◆ **EXERCISE OBJECTIVE**
Where a picture occurs in the data, omit it, and copy all remaining data exactly.

◆ **SOURCE DATA**

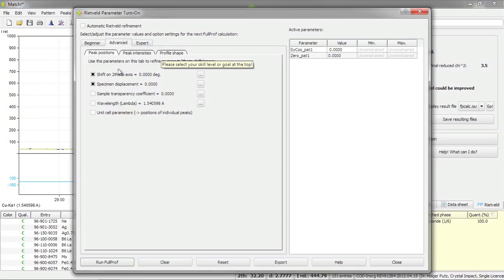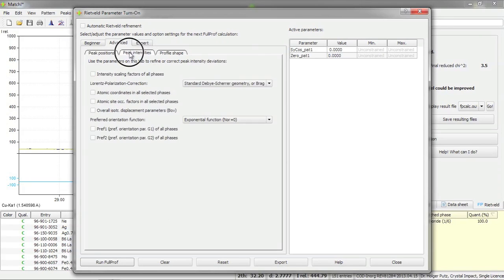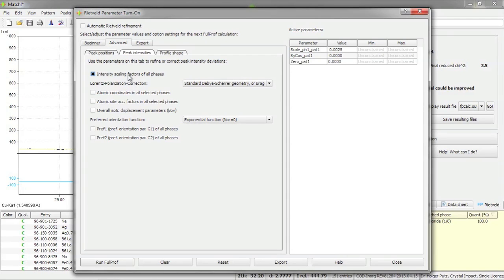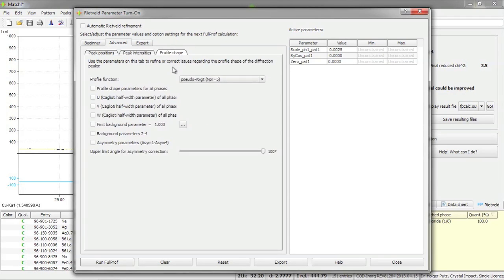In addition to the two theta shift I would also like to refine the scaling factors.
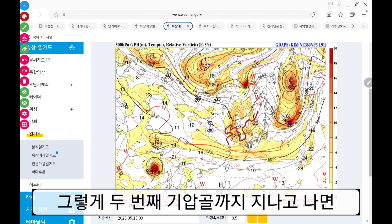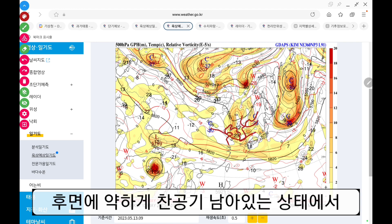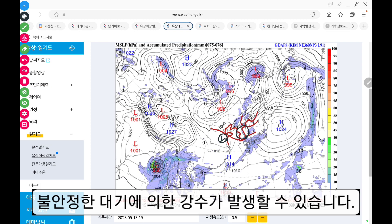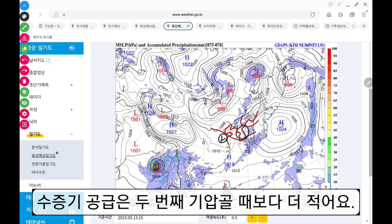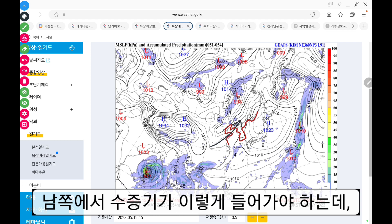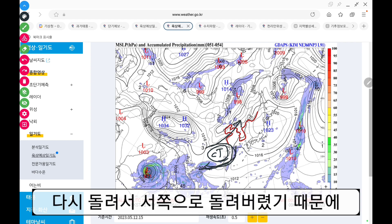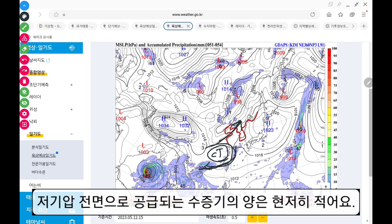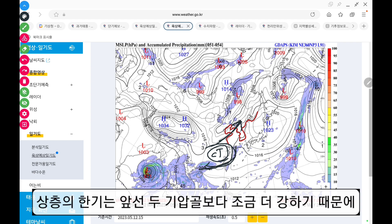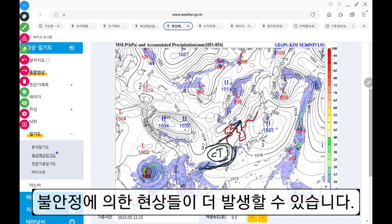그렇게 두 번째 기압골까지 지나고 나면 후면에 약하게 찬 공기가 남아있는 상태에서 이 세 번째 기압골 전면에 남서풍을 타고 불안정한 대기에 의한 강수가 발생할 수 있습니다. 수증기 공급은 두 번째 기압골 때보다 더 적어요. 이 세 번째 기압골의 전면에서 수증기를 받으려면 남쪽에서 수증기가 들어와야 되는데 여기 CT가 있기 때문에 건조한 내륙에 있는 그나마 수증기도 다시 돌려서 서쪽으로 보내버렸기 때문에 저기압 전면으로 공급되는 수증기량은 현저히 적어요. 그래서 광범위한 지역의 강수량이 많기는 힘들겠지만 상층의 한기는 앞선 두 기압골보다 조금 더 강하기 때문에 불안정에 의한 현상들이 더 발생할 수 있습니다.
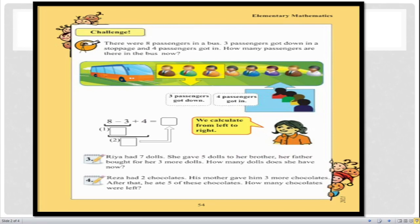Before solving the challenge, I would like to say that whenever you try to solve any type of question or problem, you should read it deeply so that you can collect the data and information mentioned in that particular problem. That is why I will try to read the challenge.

◆ **REPLY TO THE TASK**
In addition to the two theta shift I would also like to refine the scaling factors.
그렇게 두 번째 기압골까지 지나고 나면 후면에 약하게 찬 공기가 남아있는 상태에서 이 세 번째 기압골 전면에 남서풍을 타고 불안정한 대기에 의한 강수가 발생할 수 있습니다. 수증기 공급은 두 번째 기압골 때보다 더 적어요. 이 세 번째 기압골의 전면에서 수증기를 받으려면 남쪽에서 수증기가 들어와야 되는데 여기 CT가 있기 때문에 건조한 내륙에 있는 그나마 수증기도 다시 돌려서 서쪽으로 보내버렸기 때문에 저기압 전면으로 공급되는 수증기량은 현저히 적어요. 그래서 광범위한 지역의 강수량이 많기는 힘들겠지만 상층의 한기는 앞선 두 기압골보다 조금 더 강하기 때문에 불안정에 의한 현상들이 더 발생할 수 있습니다.
Before solving the challenge, I would like to say that whenever you try to solve any type of question or problem, you should read it deeply so that you can collect the data and information mentioned in that particular problem. That is why I will try to read the challenge.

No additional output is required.